O presidente do Supremo Tribunal falava esta segunda-feira durante a abertura do ano judicial.
Outra ideia deixada por João Cura Mariano foi a de que os estudantes universitários com as notas mais altas pudessem ser dispensados dos exames escritos, exigidos no acesso à magistratura, mas mantendo-se obrigatórias as provas orais. Esta seria "uma forma de atrair os alunos que, potencialmente, reúnem as melhores condições para o exercício de funções de tamanha responsabilidade", mas permitindo nas provas orais "despistar os casos em que esses indícios de aptidão não se confirmassem".
A sugestão, na opinião de Cura Mariano, poderia ser incluída na proposta de lei que vai alterar o regime de ingresso nas magistraturas — aprovada, no Parlamento, na generalidade e a ser discutida na especialidade.
Além de falar da entrada na profissão, falou também na saída e no envelhecimento dos juízes, um tema para o qual tem alertado em diversas ocasiões. "Está previsto que nos próximos 6 anos se reformem cerca de 600 juízes", disse, frisando que "o número de juízes existentes já não é sequer suficiente para preencher os quadros existentes". O "drama dos tribunais sem juízes", lamentou, está a ser resolvido com recurso a "um indesejável regime de acumulação de funções de grande exigência" e por quem "se disponibiliza a trabalhar para além do serviço que lhe está distribuído".
A solução passa, defendeu, por dar mais meios ao organismo que forma magistrados, o Centro de Estudos Judiciários (CEJ).
O essencial do discurso de João Cura Mariano centrou-se na reforma da justiça e que, na sua opinião, continua por fazer.
"Quando tomei posse a 4 de junho do ano que terminou, assumi as funções como Presidente deste Tribunal, num tempo em que a justiça, mais uma vez, estava na crista da onda discursiva, sob o signo da crise e da desconfiança e a sua reforma era um desígnio nacional prioritário", disse Cura Mariano. "Mas como sucede com qualquer onda, a sua duração foi momentânea e rapidamente se quebrou e se desfez na espuma dos dias", concluiu.
Por isso, insistiu: "Cumpre-me, por isso, relembrar que no sistema de justiça, após um longo período de inação, há uma extensa reforma por fazer" e que passará, entre outras coisas, pela revisão do Código Penal, do Código de Processo Penal e do Estatuto dos Funcionários Judiciais. O que falta, acredita, é que haja celeridade também do lado de que faz as leis.

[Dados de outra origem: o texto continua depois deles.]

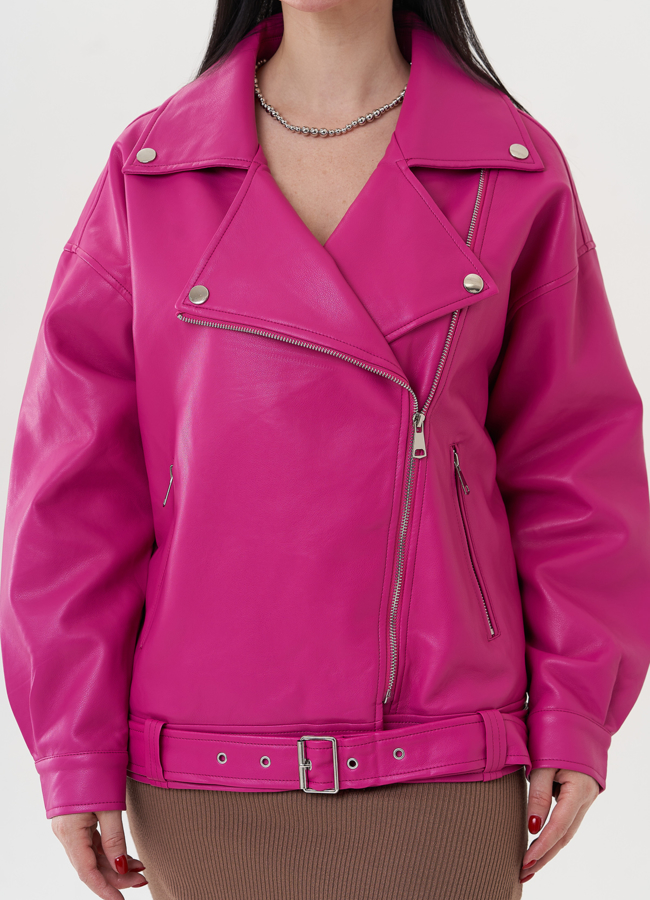 Куртка розового цвета из эко кожи модель № 26788 универмаг малина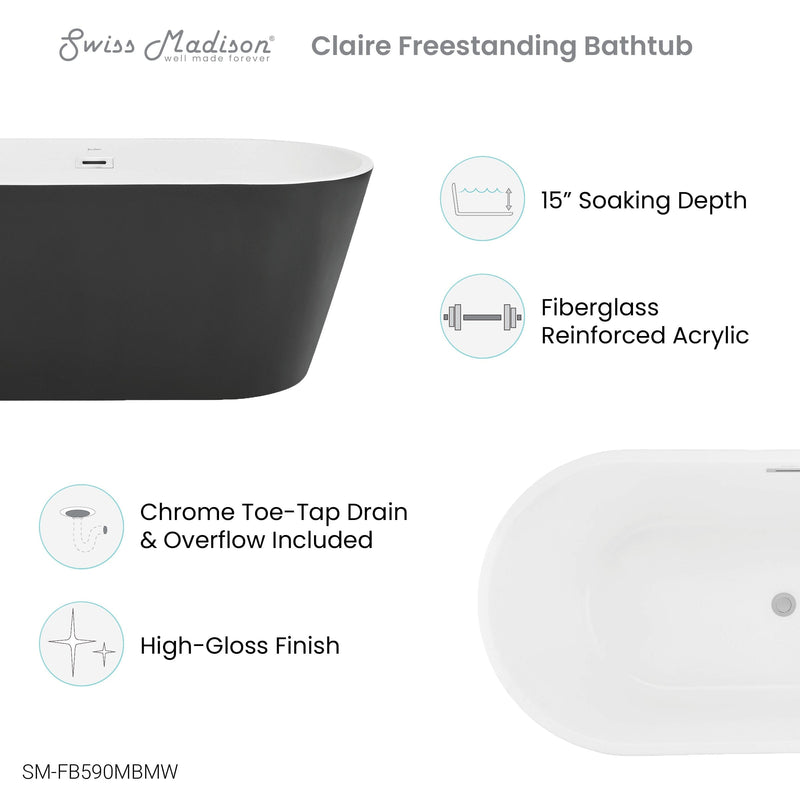 Swiss Madison Claire 60" Freestanding Bathtub Matte Black and Matte White - SM-FB590MBMW - Backyard Provider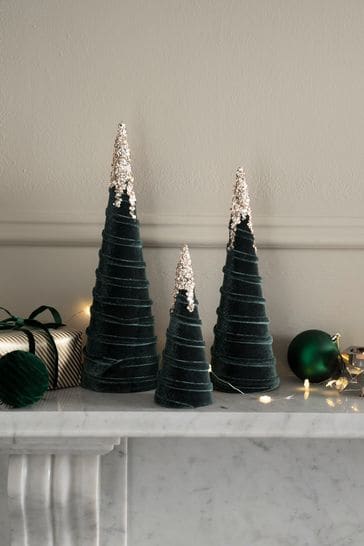 Set of 3 Green Embellished Tree Christmas Decorations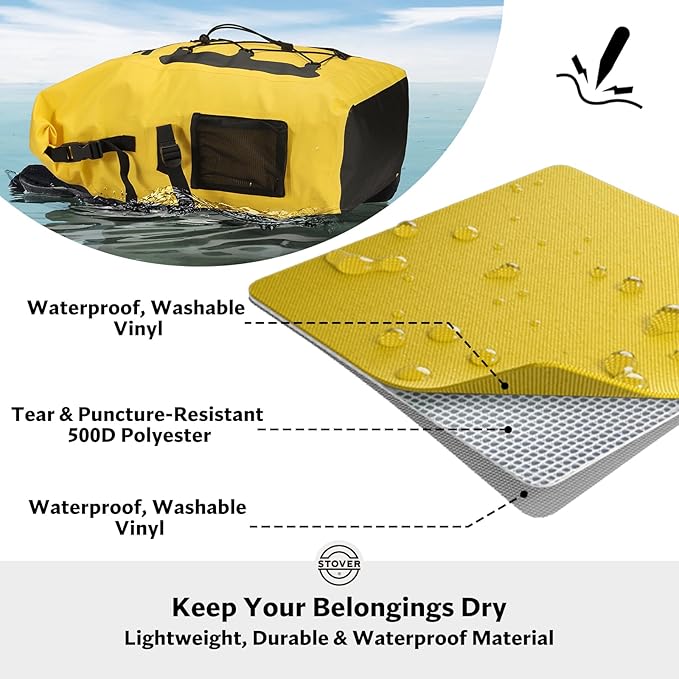 STOVER 5/10/25/30/40/55L Waterproof Dry Bag- Roll-Top Backpack w/Phone Case- Kayaking Hiking Camping Boating- Men/Women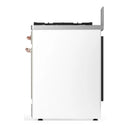ILVE Majestic III 30-inch Dual Fuel Range with 5 Natural Gas Burner and Triple Glass Door Electric Oven in White with Copper Trim (UM30NR3WHP)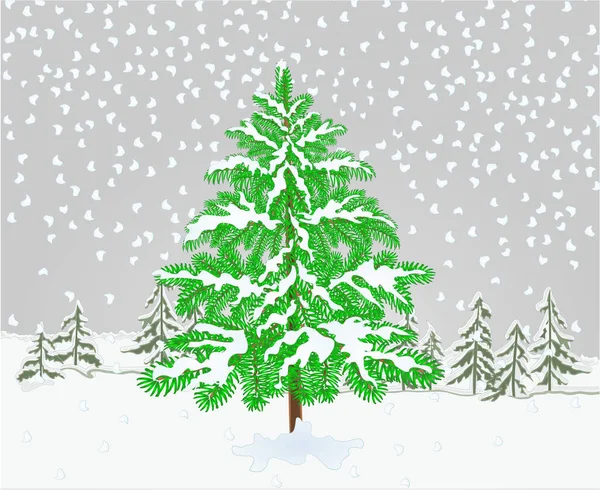 Paisaje de invierno Árbol de abeto con nieve navidad tema fondo natural vintage vector ilustración editable — Vector de stock
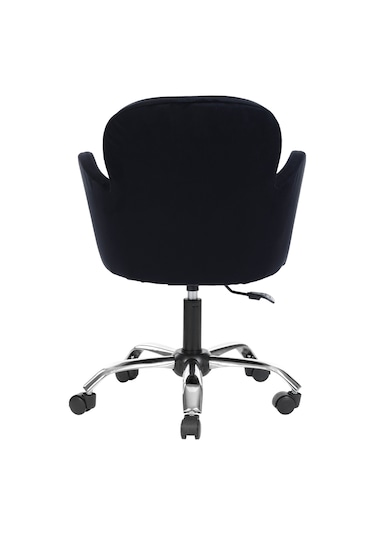 Markaelz Krom Metal Ayaklı Ofis Çalışma Sandalyesi Kelebek Siyah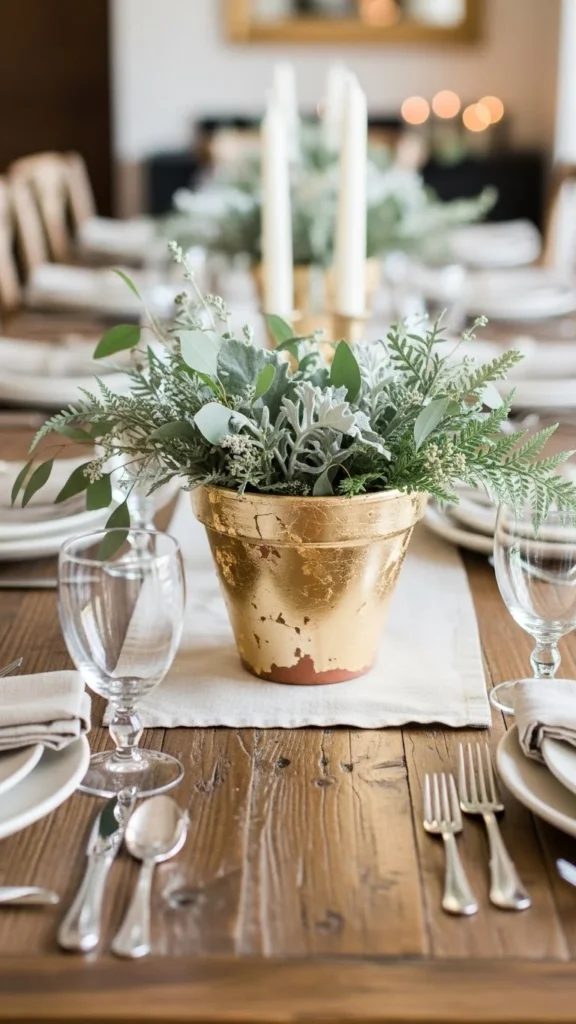 Gold Leaf Wrapped Terra-Cotta Pot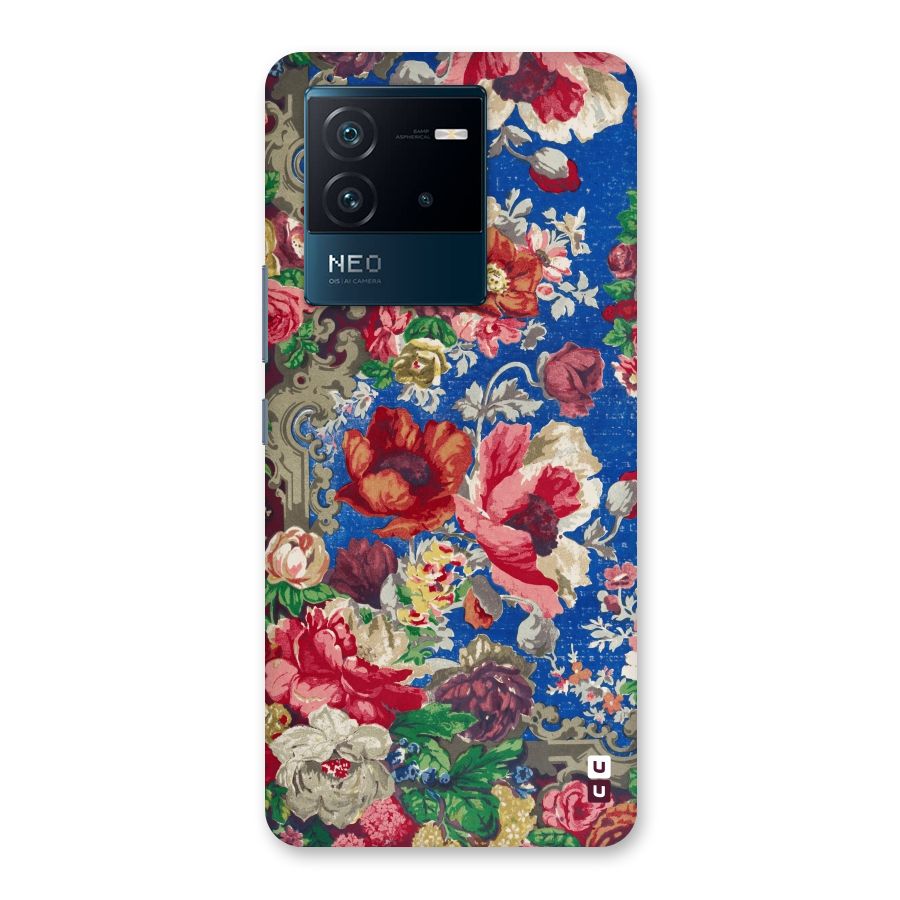 Block Printed Flowers Back Case for Vivo iQOO Neo 6 5G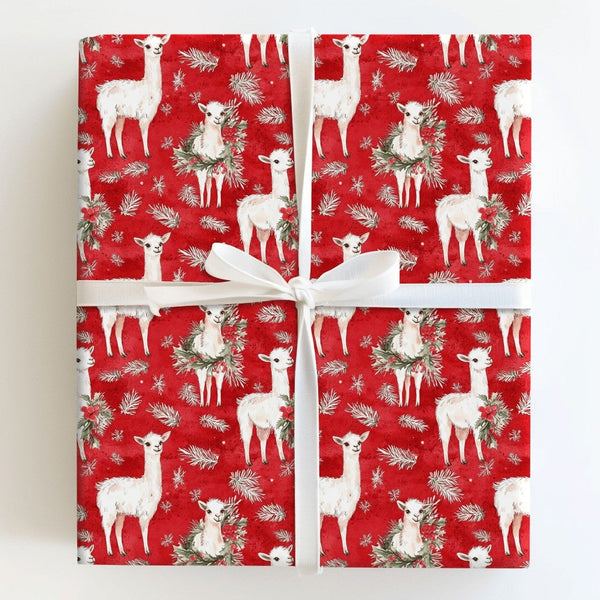 Red Holiday Animal Gift Wrap, Christmas Llama Wrapping Paper, Festive Wreath Llama Wrapping Paper Roll, Winter Snowflake Gift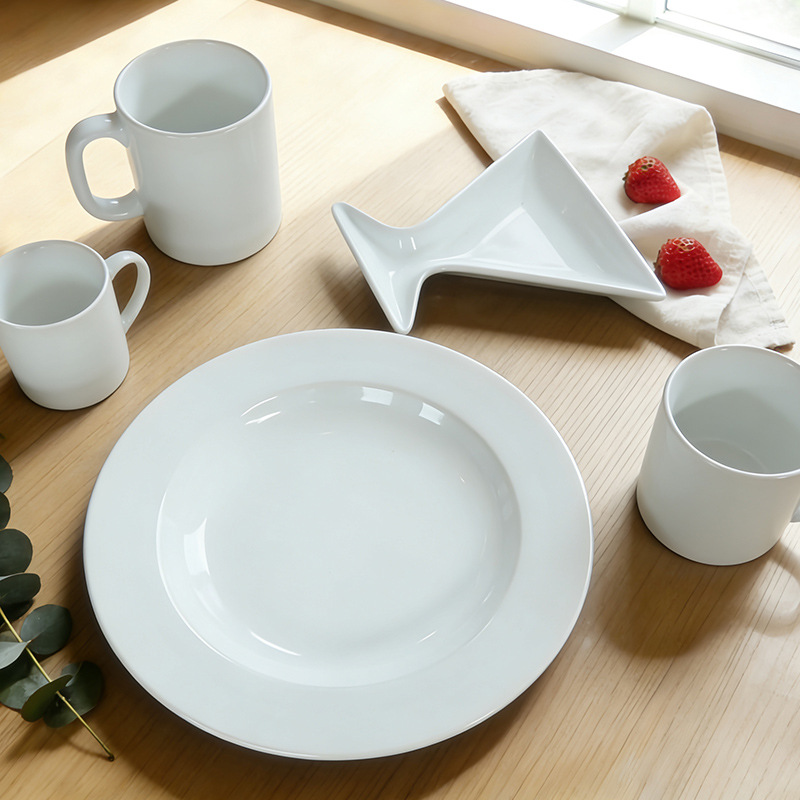 Juego de Vajilla de Cerámica de Porcelana, Esmaltado Blanco, Color Sólido, para Hotel, Restaurante y Hogar image 4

"Se o tempo da justiça é muitas vezes acusado de se caraterizar por uma lentidão exasperante, o que dizer do tempo da feitura das leis?", questionou o presidente do Supremo.
No final do seu discurso, e oferecendo-se para colaborar ativamente na resolução dos vários problemas que elencou, o presidente do Supremo visitou o mundo da ficção, numa referência a uma das personagens do Senhor dos Anéis de J. R. R. Tolkien, depois de questionar "como é possível tamanha inércia política" ou tamanho "desinteresse" pelas condições de exercício da função judicial.
"O sábio Gandalf, personagem do Senhor dos Anéis, lembrava que não nos é dado escolher o tempo em que vivemos, mas apenas o que fazer com os tempos em que nos foi dado viver", concluiu João Cura Mariano.